§ Exercise details
Reproduce all entries below verbatim. Skip the pictures.

§ Short text fragments from websites
━━━━━━━━━━━━━━━━━━━━━━━━━━━━━━

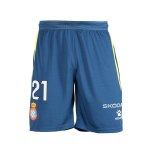 Pantalones Español Tercera Equipación 2025/2026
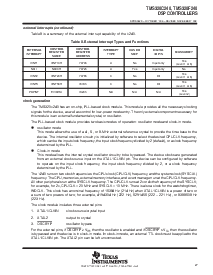 浏览型号TMS320F240Pq的Datasheet PDF文件第27页
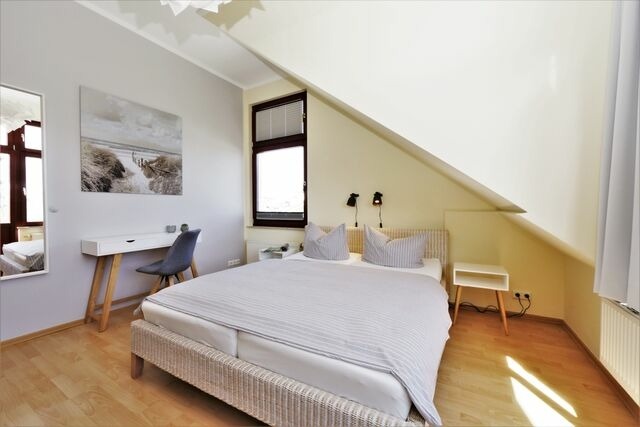 Ferienwohnung in Ahlbeck - (Brise) Villa Medici Ahlbeck App. 08 - Bild 12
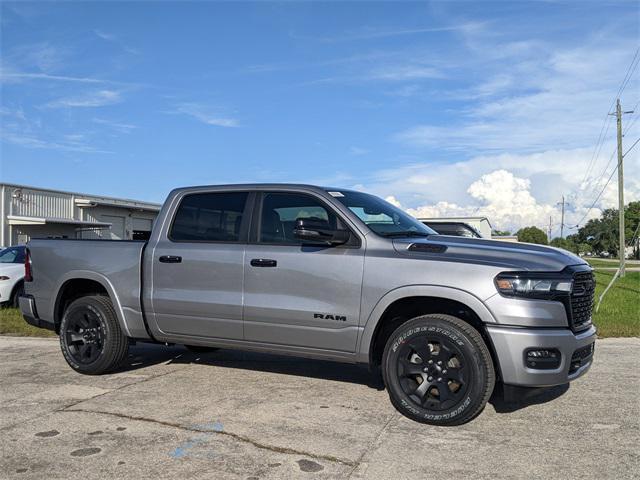 new 2026 Ram 1500 car, priced at $53,345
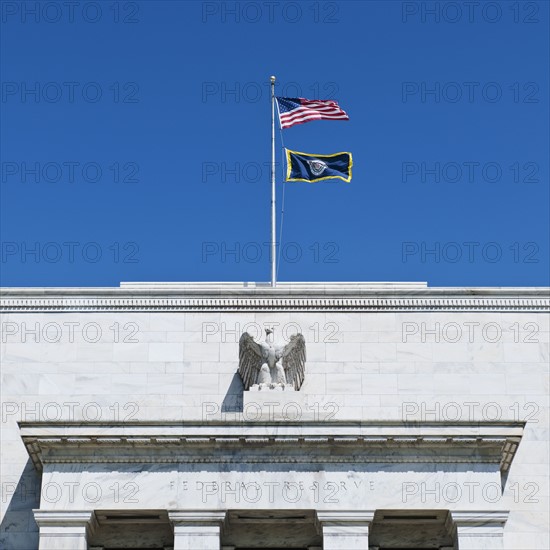 United States federal reserve.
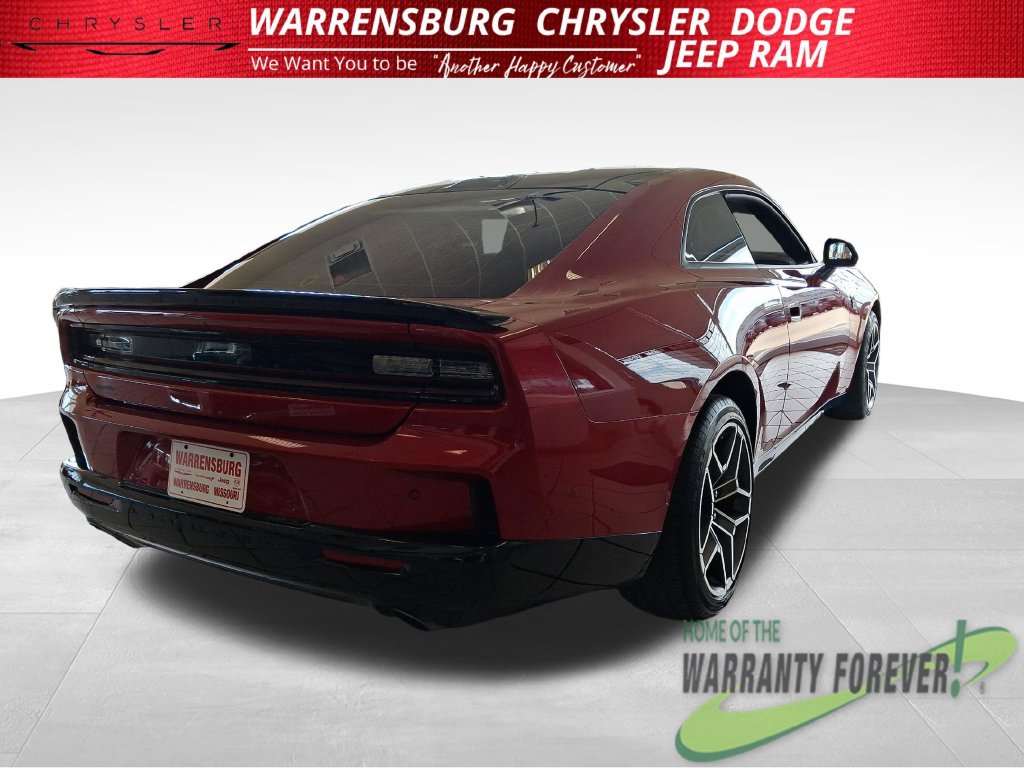 Used 2026 Dodge Charger Scat Pack AWD/4WD image 4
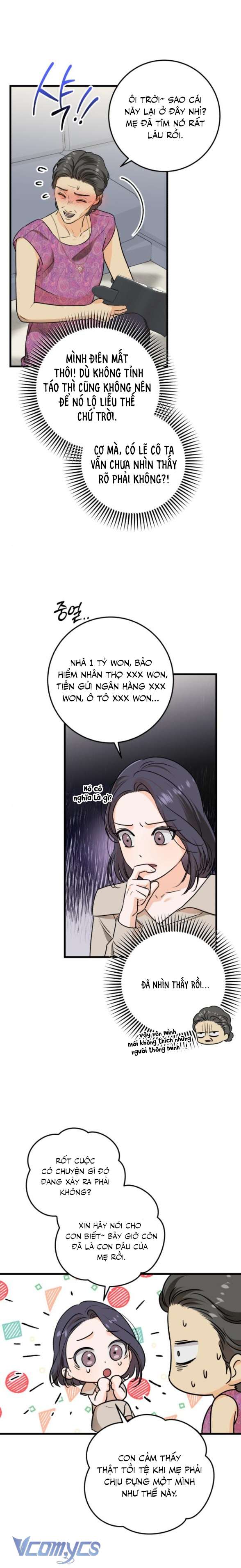 nóng lòng muốn giày vò em chương 42 - Next Chapter 42.1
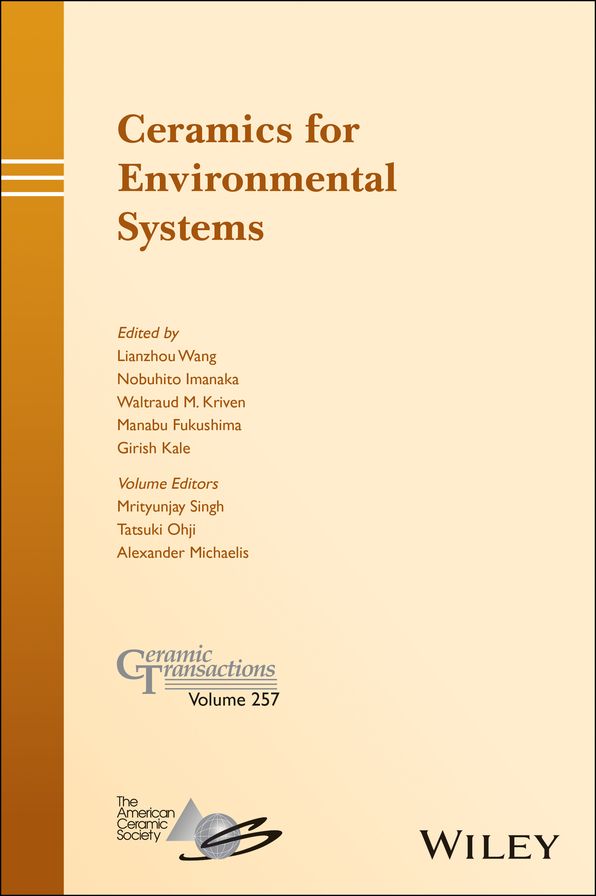 Ceramics for Environmental Systems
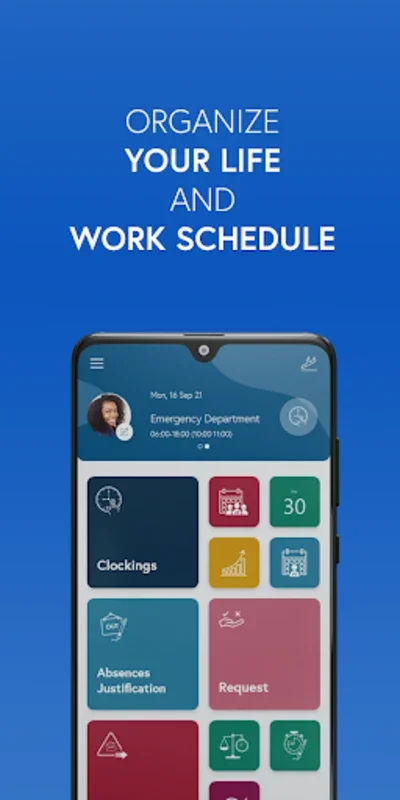 SISQUAL WFM for Android - Manage Workflows on the Go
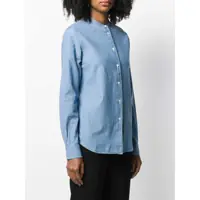 Camasi Dama pagina 3 - Camasi Aspesi WOMAN SHIRT Light Blue Femei (BM 19746498) - B-mall.ro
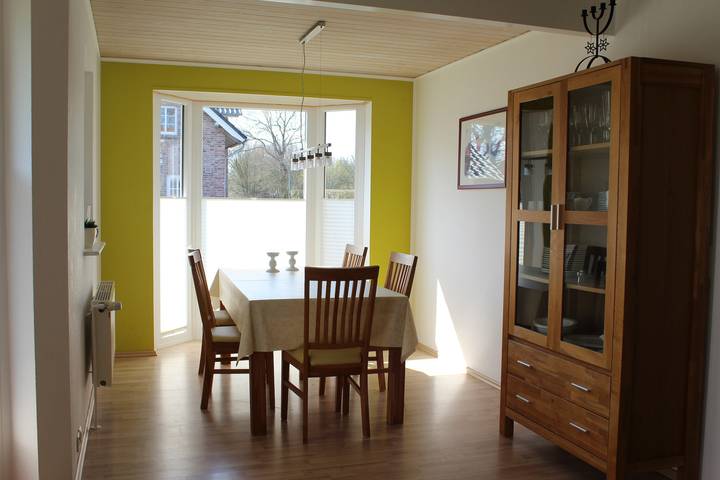 Ferienhaus für 5 Personen, mit Terrasse und Garten, mit Haustier auf Fehmarn - 4
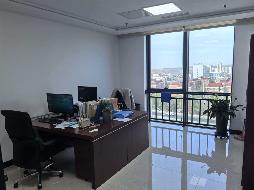 中国地质工程集团有限公司租赁位于新疆乌鲁木齐市金融大厦8楼299.28㎡房产(国资监测编号GR2026XJ1000932)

━━━━━━━━━━━━━━━━━━━━━━━━━━━━━━

§ Answer below
 Pantalones Español Tercera Equipación 2025/2026
 浏览型号TMS320F240Pq的Datasheet PDF文件第27页
 Ferienwohnung in Ahlbeck - (Brise) Villa Medici Ahlbeck App. 08 - Bild 12
 new 2026 Ram 1500 car, priced at $53,345
 United States federal reserve.
 Used 2026 Dodge Charger Scat Pack AWD/4WD image 4
 nóng lòng muốn giày vò em chương 42 - Next Chapter 42.1
 Ceramics for Environmental Systems
 SISQUAL WFM for Android - Manage Workflows on the Go
 Camasi Dama pagina 3 - Camasi Aspesi WOMAN SHIRT Light Blue Femei (BM 19746498) - B-mall.ro
 Ferienhaus für 5 Personen, mit Terrasse und Garten, mit Haustier auf Fehmarn - 4
 中国地质工程集团有限公司租赁位于新疆乌鲁木齐市金融大厦8楼299.28㎡房产(国资监测编号GR2026XJ1000932)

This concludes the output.